- **Recorded information**:
_____

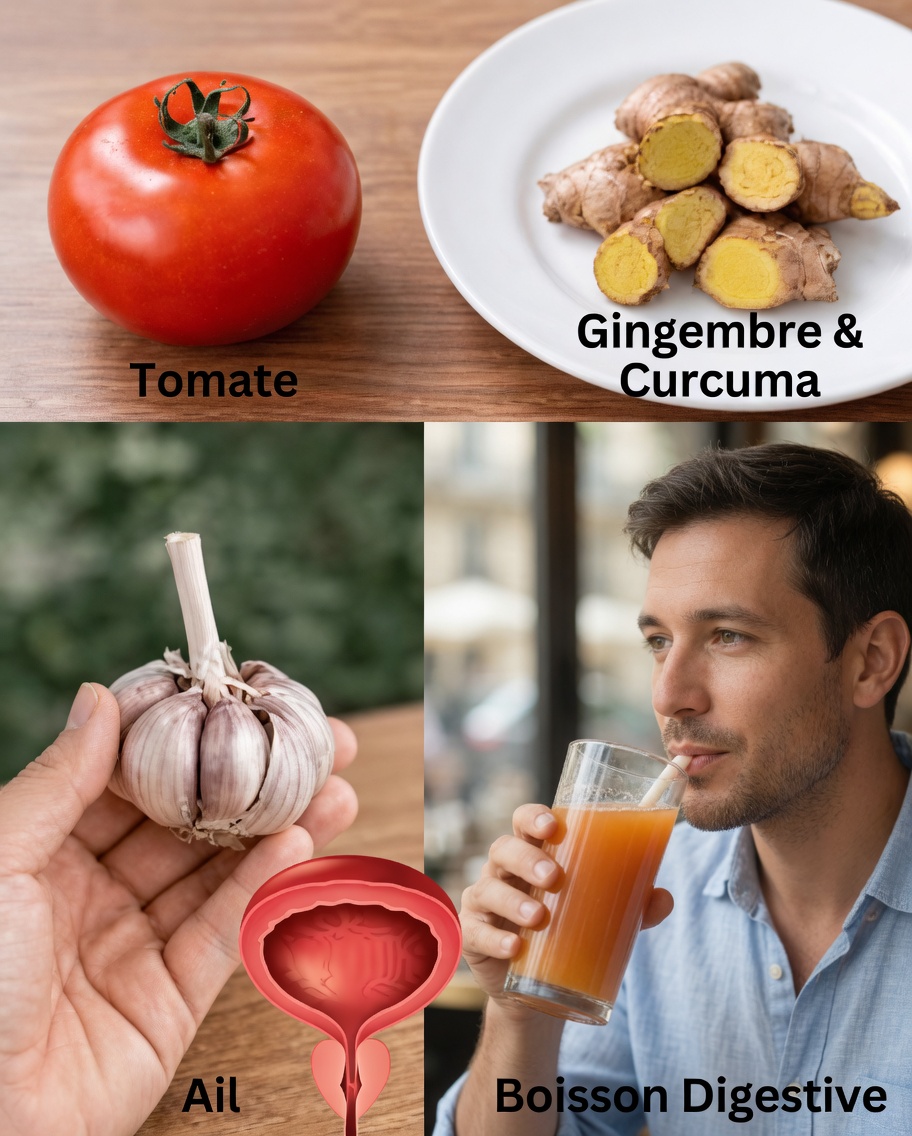 Boisson naturelle à l’ail, à la tomate et au curcuma pour les hommes de plus de 40 ans : soutien quotidien simple pour le bien-être de la prostate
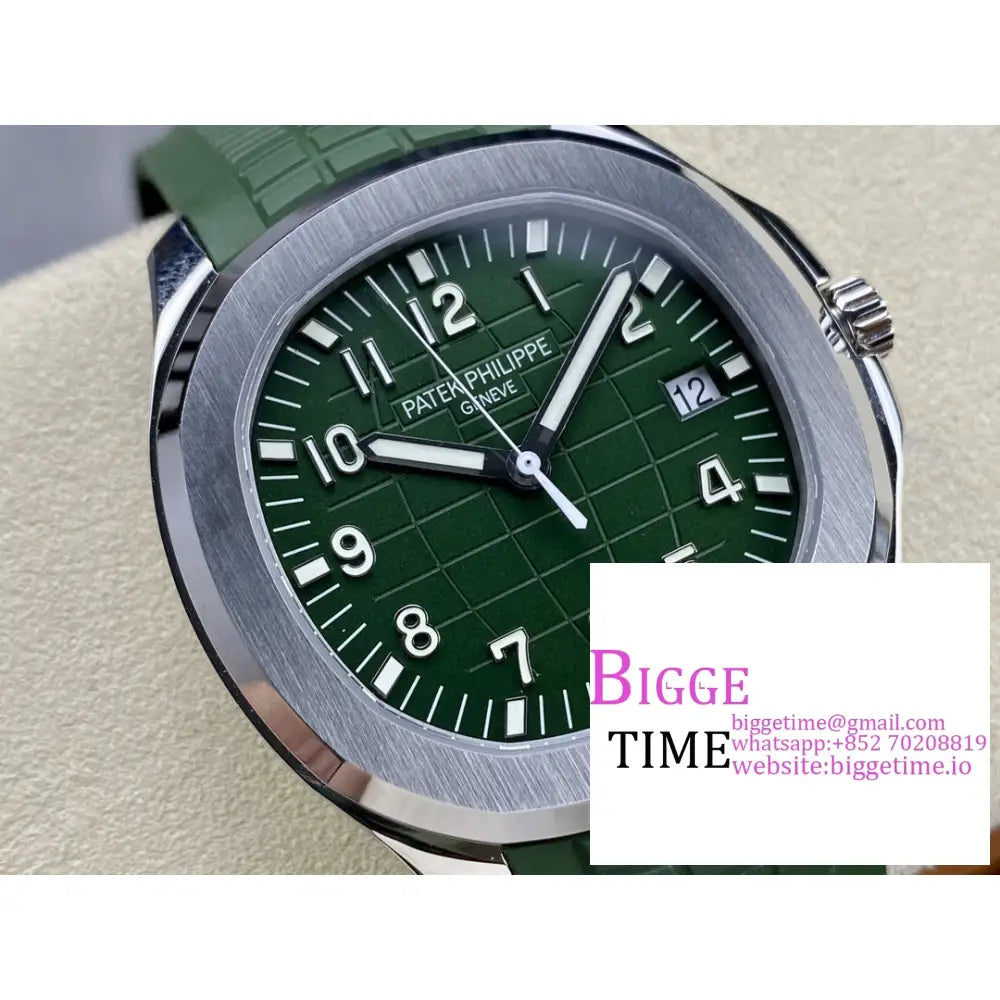 Aquanaut 5168 42Mm Green Dial Rubber Strap 3Kf A330Sc Patek Philippe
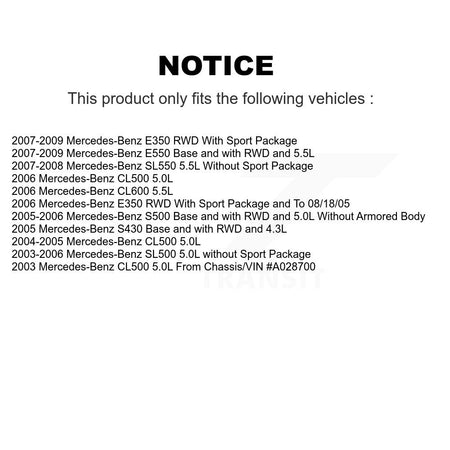 Front Rear Ceramic Brake Pad Wear Sensor Kit For Mercedes-Benz E350 SL500 SL550 E550 S500 KCW-100219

_____

- **What you need to do**: Return every line of the data above exactly, and omit all pictures.

- **Answer section**:
 Boisson naturelle à l’ail, à la tomate et au curcuma pour les hommes de plus de 40 ans : soutien quotidien simple pour le bien-être de la prostate
 Aquanaut 5168 42Mm Green Dial Rubber Strap 3Kf A330Sc Patek Philippe
 Front Rear Ceramic Brake Pad Wear Sensor Kit For Mercedes-Benz E350 SL500 SL550 E550 S500 KCW-100219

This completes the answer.